Both the Hotel and the Aviary series were marked by the introduction of a more restrained, pared back aesthetic to Cornell's works. This is also highly evident in the lattice-work which forms the windows in Untitled (Windows). There is a geometric crispness, a near-Mondrian sense of restriction, control, emphasis on the vertical and the horizontal. Geometry's language is a language of reason, but as ever in Cornell's work, his is an arcane, parallel system that disrupts this precision by adding the imagination's infinite. There is a hieratic, poetic internal logic to the world of Cornell and of Untitled (Windows) alike. A Christian Scientist, Cornell was fascinated by the idea of higher learning and higher being, of gradually attaining true spiritual knowledge. He had aspirations towards transcendence which were intensified by the intense range of his own personal moods. It is in part the yearning for a higher level of understanding, to penetrate the veil, to comprehend the immaterial, that has brought about this work's ordered, codified appearance. It is an intriguing paradox that Cornell, a follower of a religion that taught that the material world is an illusion, accumulated so compulsively so much of the material around him. Yet that clutter that filled his home in Flushing and that is contained in so many of his boxes is poignantly absent in Untitled (Windows), making this all the more pristine and crystalline an embodiment of the immaterial. This mirrored box contains almost nothing, the mirror existing as an illusory reflection of the material world in front of it.
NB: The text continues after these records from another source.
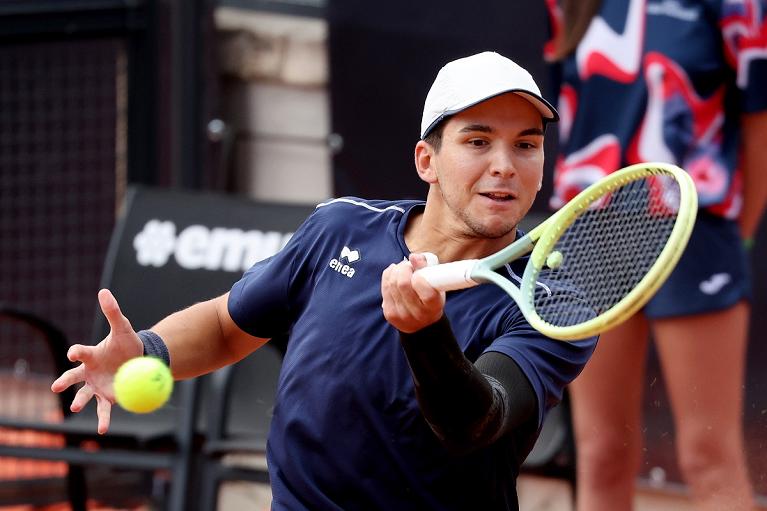 Pre-qualificazioni per gli Internazionali BNL d'Italia 2024: Andrea Guerrieri (Foto Sposito/FITP)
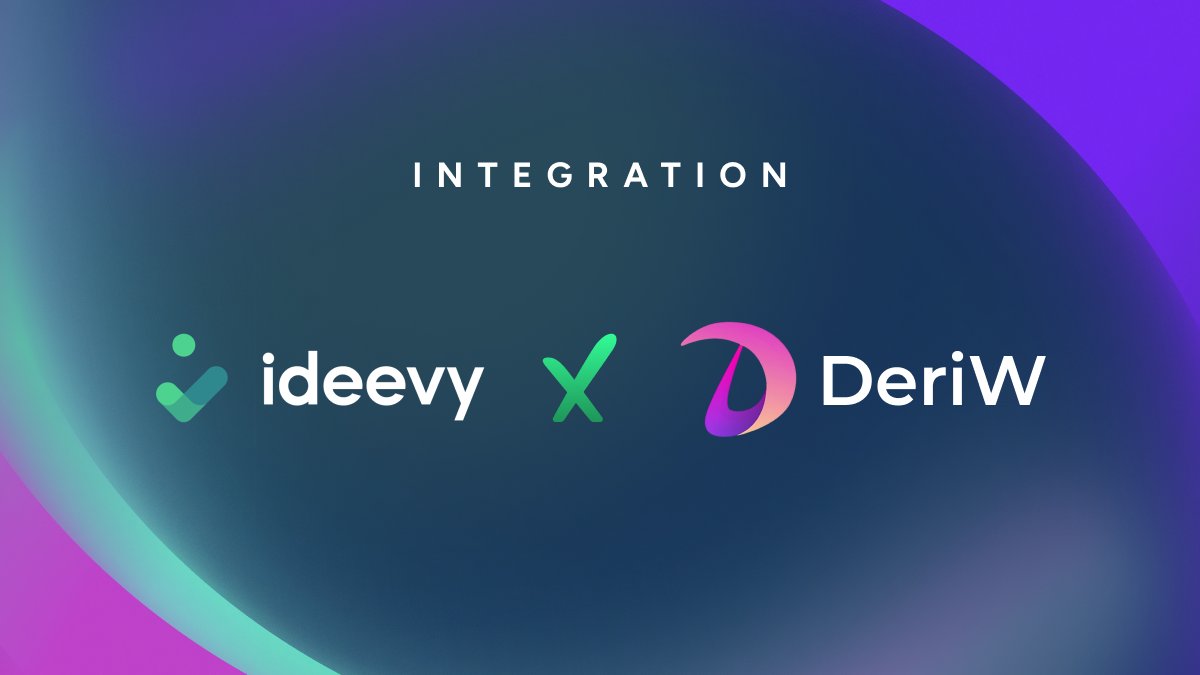 Ideevycom's tweet photo. IDEEVY x @DeriWOfficial

Zero-gas perpetual trading meets flexible identity verification. DeriW is building a fast and accessible decentralized trading ecosystem. IDEEVY provides a unified workflow for document checks and external verification providers, helping Web3 products introduce compliant onboarding where and when it is required.

IDEEVY becomes the identity verification layer for the DeriW ecosystem, enabling compliant onboarding wherever identity checks are required:  without adding KYC to the entire decentralized trading experience.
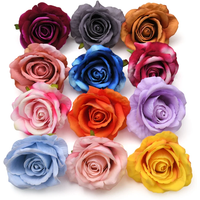 20pcs/10cm High Quality Flannel Rose Artificial Silk Flower Heads DIY Birthday Party Wedding Decoration Wreath Scrapbooking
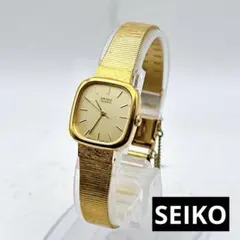 SEIKO セイコー ゴールド スクエア クォーツ レディース腕時計 シンプル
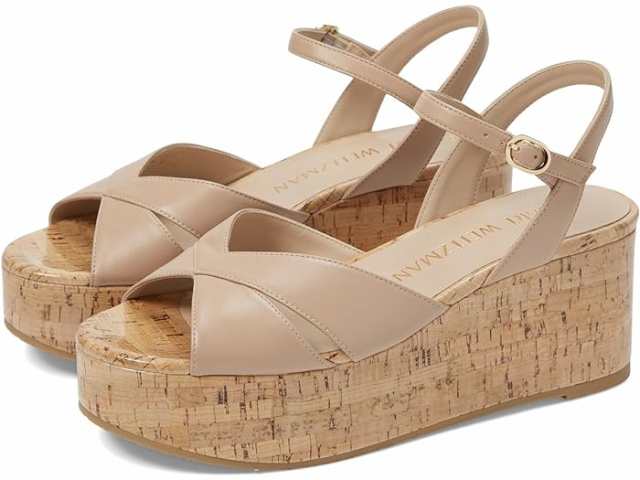 (取寄) スチュアート ワイツマン レディース カルメン ミディ ウェッジ Stuart Weitzman women Stuart Weitzman Carmen Midi Wedge Adobeの通販は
Perhaps the mirror doubles as a barrier to the attainment of spiritual knowledge; perhaps the fact that it reflects its viewer, that nothing can be seen beyond, reinforces the sense of loneliness and solitude that sometimes plagued the artist. In formal terms, the mirror emphasises the rigidity of the overbearing structure, by repeating it again, forming illusionary cuboids of space within the framework. This also heightens the strangeness-- there is something of Lewis Carroll's Looking Glass about these windows, which reflects the viewer, and even creates an illusory cage within which to hold us. At the same time, the fact that the mirror is there, and has further details of the windows' beading upon it, emphasises the narrative content of Untitled (Windows)-- Cornell does not allow abstraction to dominate, instead ensuring that the roots of this work remain in the representation of a series of windows in some grand old miniaturised building of the mind.